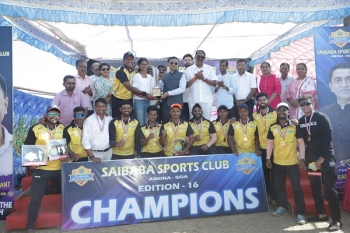 Sachi XI Clinches Saibaba SC All-Goa T20 Trophy with comprehensive win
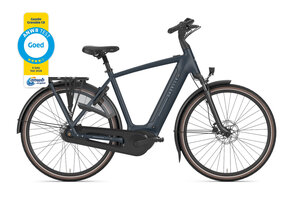 Gazelle Grenoble C8 HMB S8 540Wh Heren - Between Blue (mat)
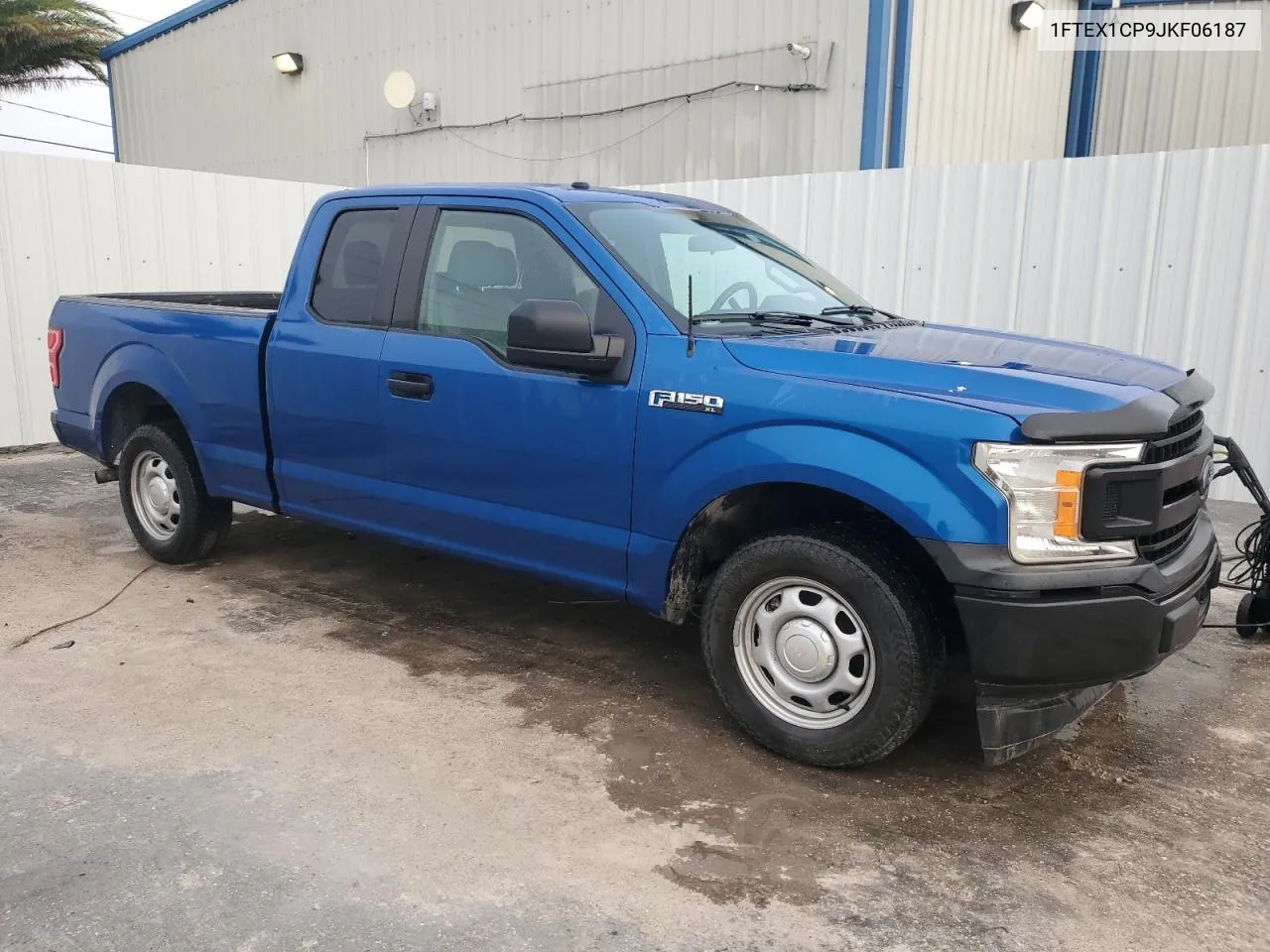 2018 Ford F150 Super Cab VIN: 1FTEX1CP9JKF06187 Lot: 70866644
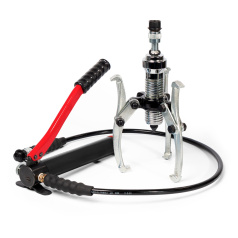 Съемник гидравлический КВТ СГН-5 с выносным насосом (84628)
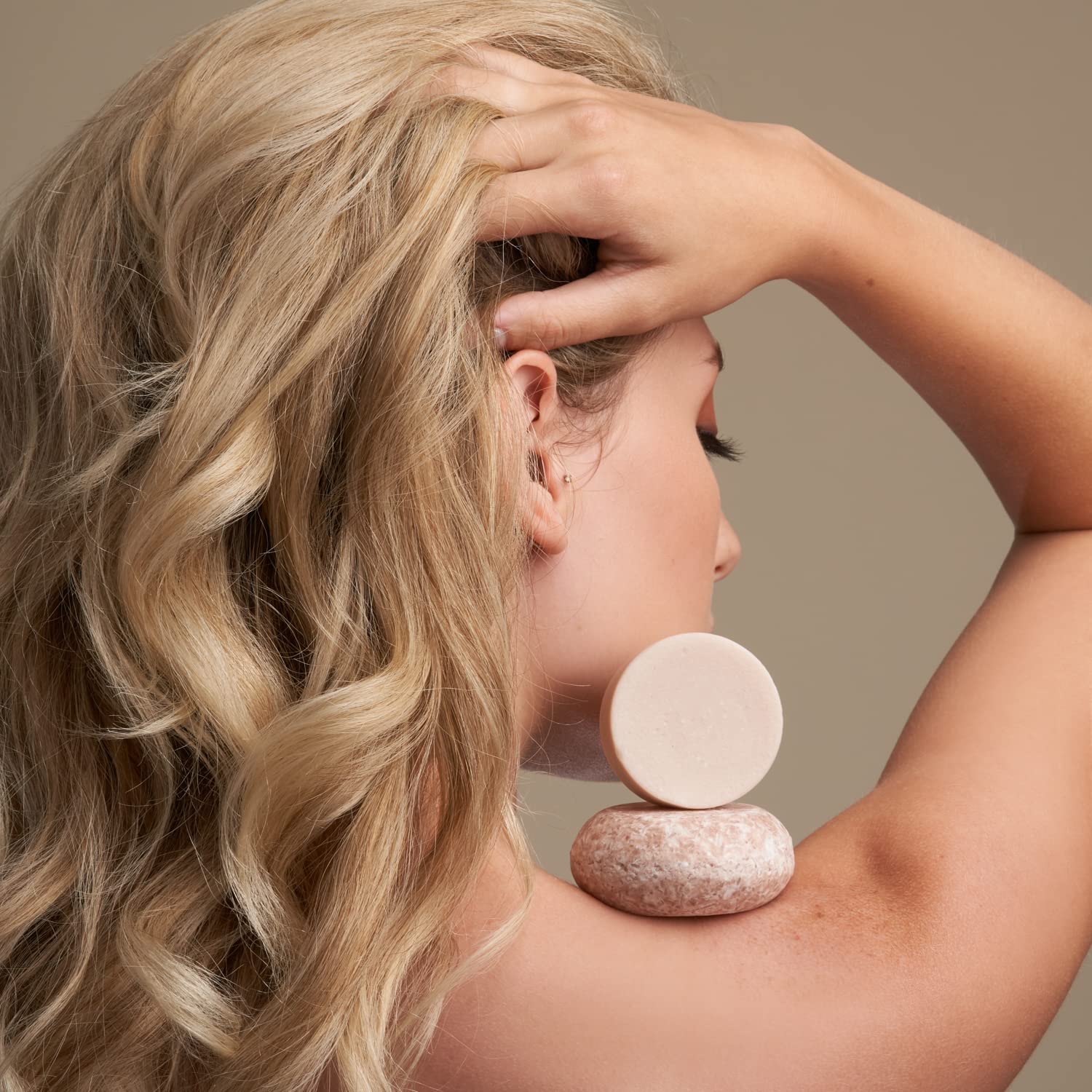 NOTICE Hair Co. The Fixer Shampoo & Conditioner Bars - Travel Set - repairing | damaged & weak hair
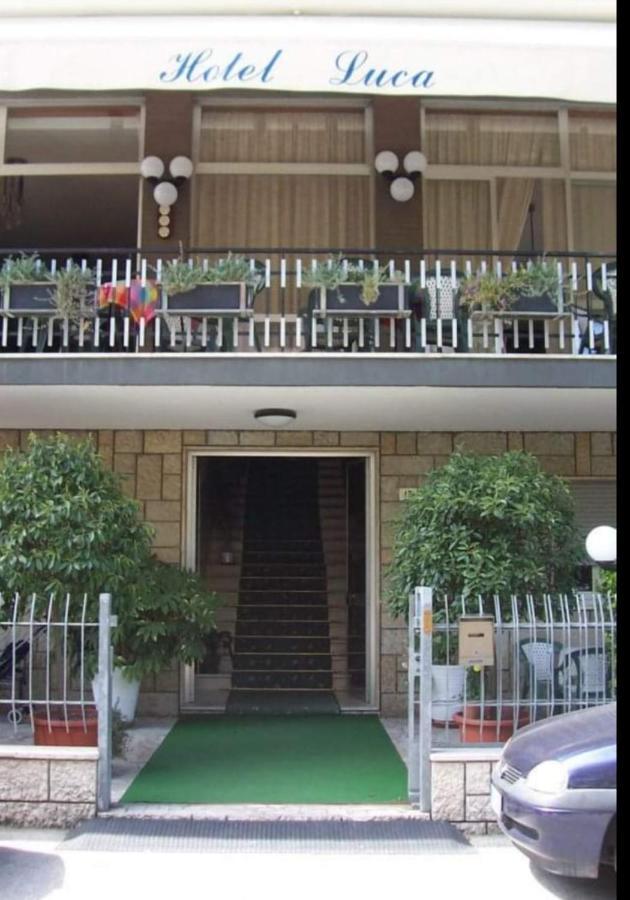 Hotel Luca Rimini Luaran gambar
========================
▸ PROMPT: Extract only the lines from the line containing "Gazelle Grenoble C8" through the final line of the listing above, unchanged; pictures stay out of the copy.

▸ WRITTEN ANSWER:
 Gazelle Grenoble C8 HMB S8 540Wh Heren - Between Blue (mat)
 2018 Ford F150 Super Cab VIN: 1FTEX1CP9JKF06187 Lot: 70866644
 Съемник гидравлический КВТ СГН-5 с выносным насосом (84628)
 NOTICE Hair Co. The Fixer Shampoo & Conditioner Bars - Travel Set - repairing | damaged & weak hair
 Hotel Luca Rimini Luaran gambar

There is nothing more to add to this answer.